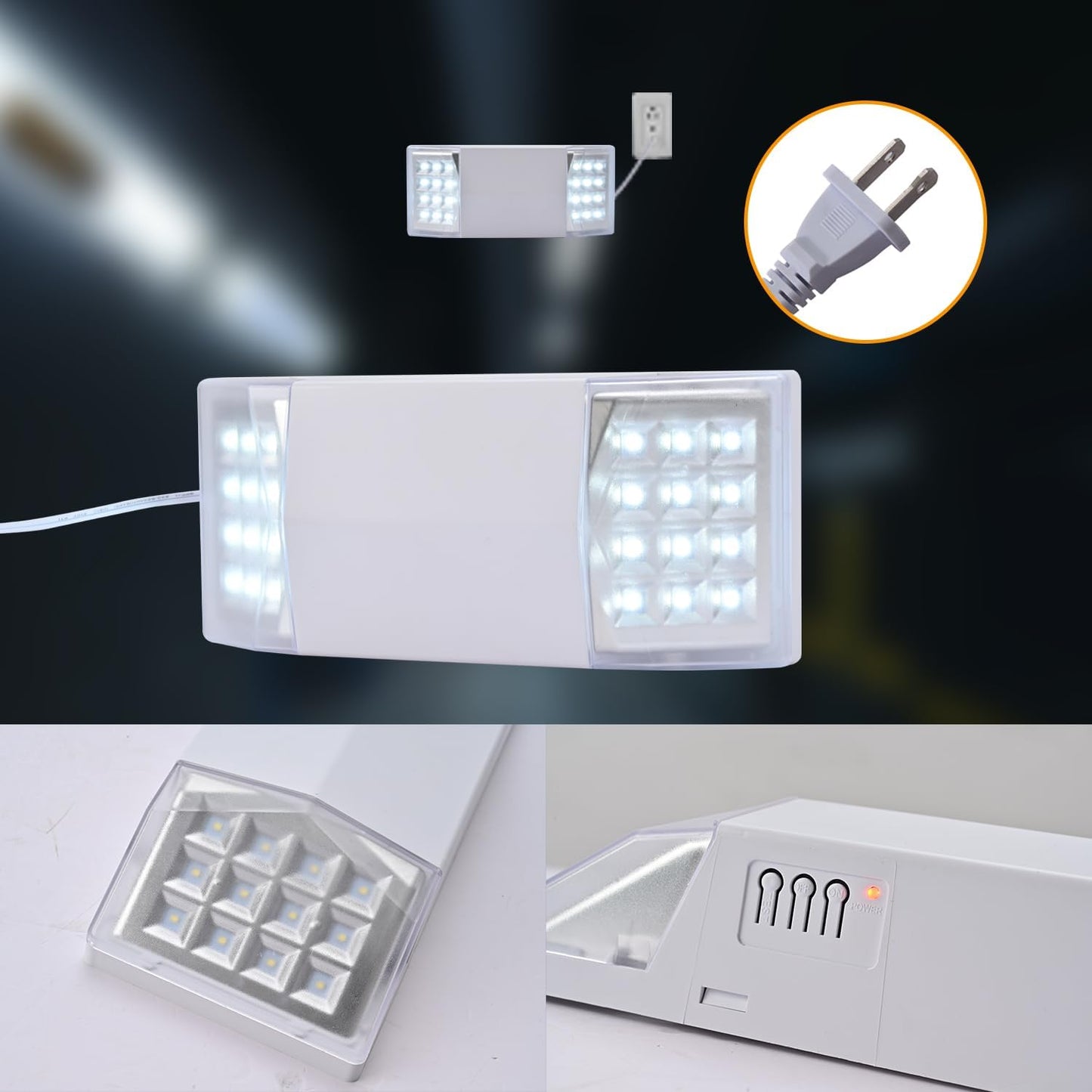 Plug in Emergency Lights for Business Home Power Failure 4Hours 300lm LED Commercial Emergency Light Fixtures with Battery Backup Rechargeable Adjustable Two Heads AC85-277V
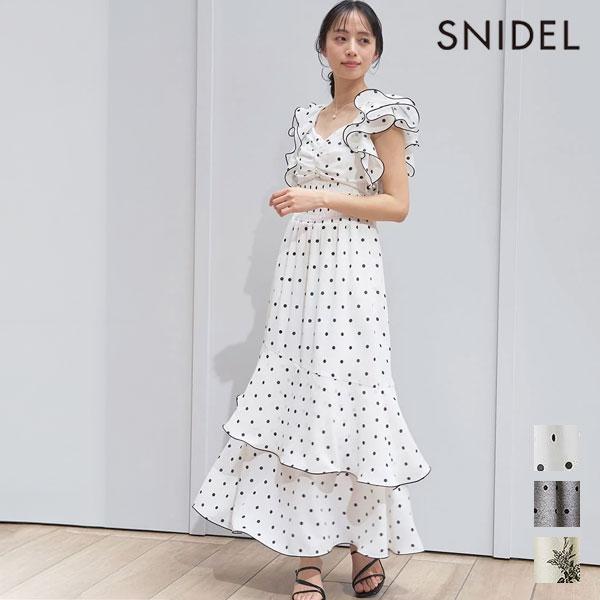スナイデル SNIDEL ワンピース 26春夏 フリルスリーブバリエプリントワンピース マキシ丈 ノースリーブ ドット 花柄 swfo262030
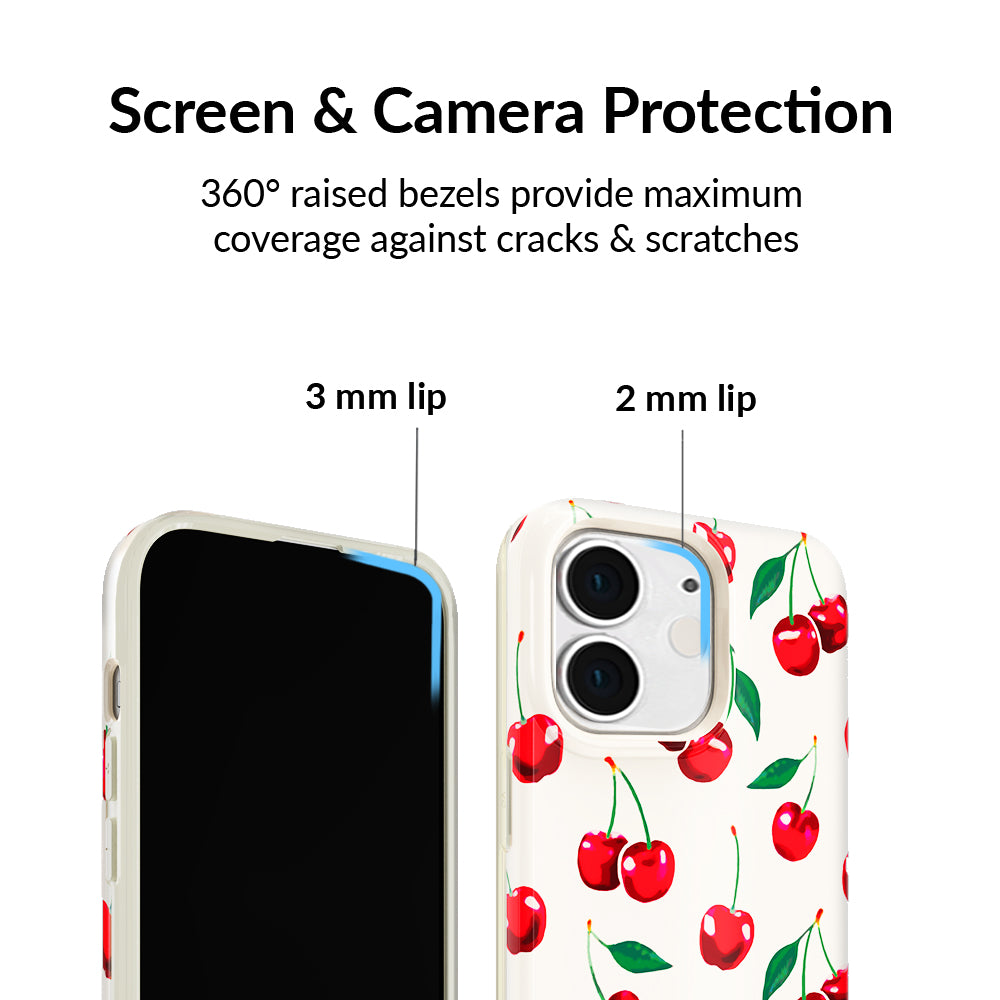 Mon Cheri Cherry iPhone Case - Cute & Durable Phone Cover for iPhone 13/14/15 - Perfect for Everyday Use, Travel & Gifts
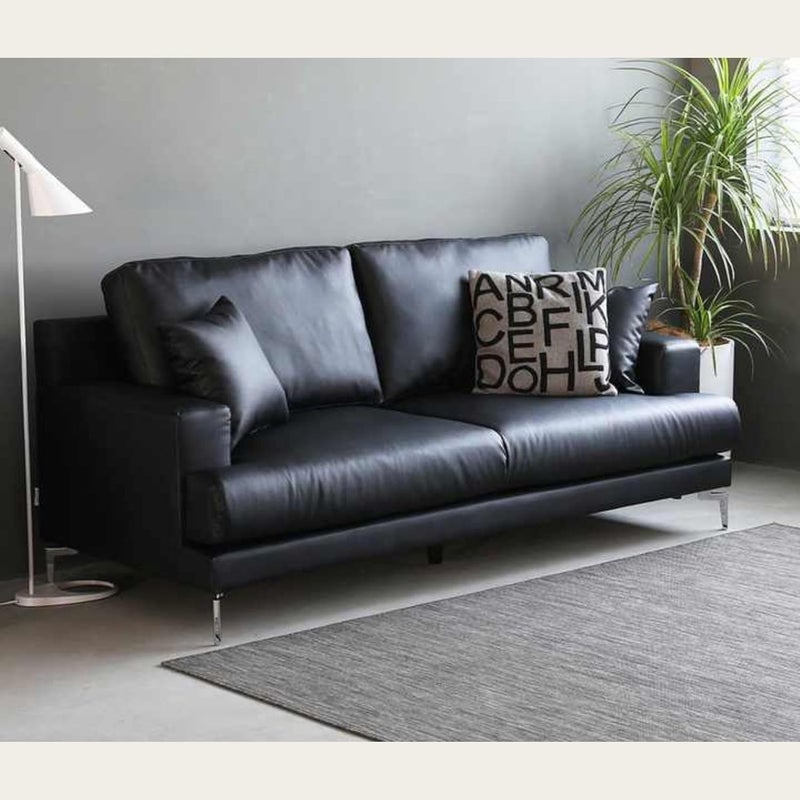 Luxury Luxe Modern 3-Seater Sofa in Black - Image 1
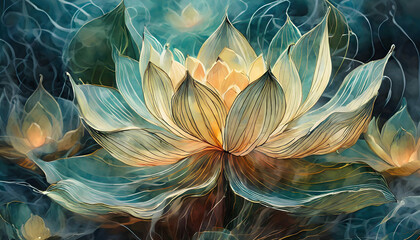 pattern of lotus flowers made of wisps of smoke, invoking a sense of wonder and fascination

#####

### WHAT TO PRODUCE
Omit the pictures, then output the rest of the listing exactly.

### RESULT OF THIS EXERCISE
 Plug in Emergency Lights for Business Home Power Failure 4Hours 300lm LED Commercial Emergency Light Fixtures with Battery Backup Rechargeable Adjustable Two Heads AC85-277V
スナイデル SNIDEL ワンピース 26春夏 フリルスリーブバリエプリントワンピース マキシ丈 ノースリーブ ドット 花柄 swfo262030
 Mon Cheri Cherry iPhone Case - Cute & Durable Phone Cover for iPhone 13/14/15 - Perfect for Everyday Use, Travel & Gifts
 Luxury Luxe Modern 3-Seater Sofa in Black - Image 1
 pattern of lotus flowers made of wisps of smoke, invoking a sense of wonder and fascination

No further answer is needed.